I’ve been in enough religious debates to conclude that God is not in the details. It’s like having an extended argument about how logical an LBW is and claiming that this refutes the game of cricket. But it doesn’t. These somewhat abstract rule based systems can lead to higher level awesomeness, but viewed in isolation, the rules may not make much sense. Like Java.
I’ve also have extended debates about, say, how English is a better language than Sinhala. These invariably get down to comparing specific features (English has more words) which is simply a retarded way to debate rule based systems. Any rule based system combines a few basic principles to produce nearly infinite variability. We then interpret these features with infinitely variable brains. Comparing languages or sports is like nailing jello to the wall. There are way too many possible variables to even begin to compare. At a very philosophical level, you either like or you don’t. You can’t say one language or sport is better than another any more than you can say apples empirically taste better than oranges.
Dialogue Not Debate
What I dig about Bellah’s interview on The Roots Of Religion is that he seems to be staking out a middle ground in the Science/Religion debate by reframing the debate. Namely, by saying that is may not be a debate with two sides playing by the same rules at all. It can be a dialogue, if you dig a bit deeper than the details, get to the Gestalt and, therein, mutual understanding.
I have found that the very mention of the words “religion” and “evolution” sets off a kind of reflex reaction among some, but fortunately not all, contemporary Americans. Among both religious fundamentalists and what might be called atheistic fundamentalists these terms set off a war to the death, with abusive language directed toward the supposed opposition. In that kind of atmosphere any rational discussion becomes impossible.
What unites these two groups is the idea that religion and science are essentially the same thing: sets of propositional truths that can be judged in terms of argument and evidence. What surprised me when I began to read the work of leading scientists in the fields of cosmology and evolution is how many of them rejected this idea and argued instead that science and religion are really two different spheres that may at points overlap but that operate in accordance with different logics…
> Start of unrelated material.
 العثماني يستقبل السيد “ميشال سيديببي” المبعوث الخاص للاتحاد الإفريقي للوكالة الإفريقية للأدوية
Science operates with scientific method in terms of which different theories can be tested and proved or disproved, though if Karl Popper is right, proof is always problematic and we are safer to stick to disproof. Religion on the other hand is a way of life more than a theory. It is based on beliefs that science can neither prove nor disprove. Its “proof” is the kind of person the religious way of life produces.
Religion As A Way Of Life
One reason people (and I) rarely attack religion head-on is because people will get really pissed off and possibly kill you. That is bad, but there is kernel of truth behind the idea that religion is personal, and that an attack on religion is an attack on people. If people start questioning the LBW rule in cricket, it would be madness. You would have trouble playing a unified form of cricket, and life is (a bit) more serious than that. People build their lives on religion, and attacking it based on specific verses or ‘silly’ rituals is largely missing the point. To paraphrase Bellah, the proof is in the pudding.
If you evaluate religion according to scientific logic, it will come up short, but so would any sport, hobby or almost any organized activity that gives human life meaning. As per:
As I have indicated before, I am nervous about thinking of religion primarily in terms of “truth claims,” which seems closer to what is appropriate in science. Religion provides answers to such questions as “How shall I live?” and “What is the meaning of the universe?” that science has no capacity to answer. But because answers to such questions are incapable of empirical testing by scientific methodology, how can we evaluate the answers that various religions give? As I have said above, the truth of religious beliefs can be seen in the lives of people who live by those truths. And if we see remarkable individuals in other traditions than our own we can accept that they have some kind of truth even if it is not completely the same as ours. When Martin Luther King, Jr. found in Mahatma Gandhi a role model for his non-violent protest he was recognizing the truth that Gandhi always claimed to stand for.
Hence, there is both a positive and a pluralistic role religion can play, though that may not necessarily be in the literal scriptures, especially if you pick and choose. I think that is, however, one emergent property among many, but I’ve seen it a lot. In University I was quite deeply Buddhist but, in Montreal, I found myself hanging out at Jewish shul during prayers, with a devoutly Muslim Iraqi friend and volunteering for the Christian school chaplain. We each had our own faiths, but we were operating on a similar level of chill. It’s like PHP and Ruby On Rails developers. No beef. Perhaps a little sporting fun.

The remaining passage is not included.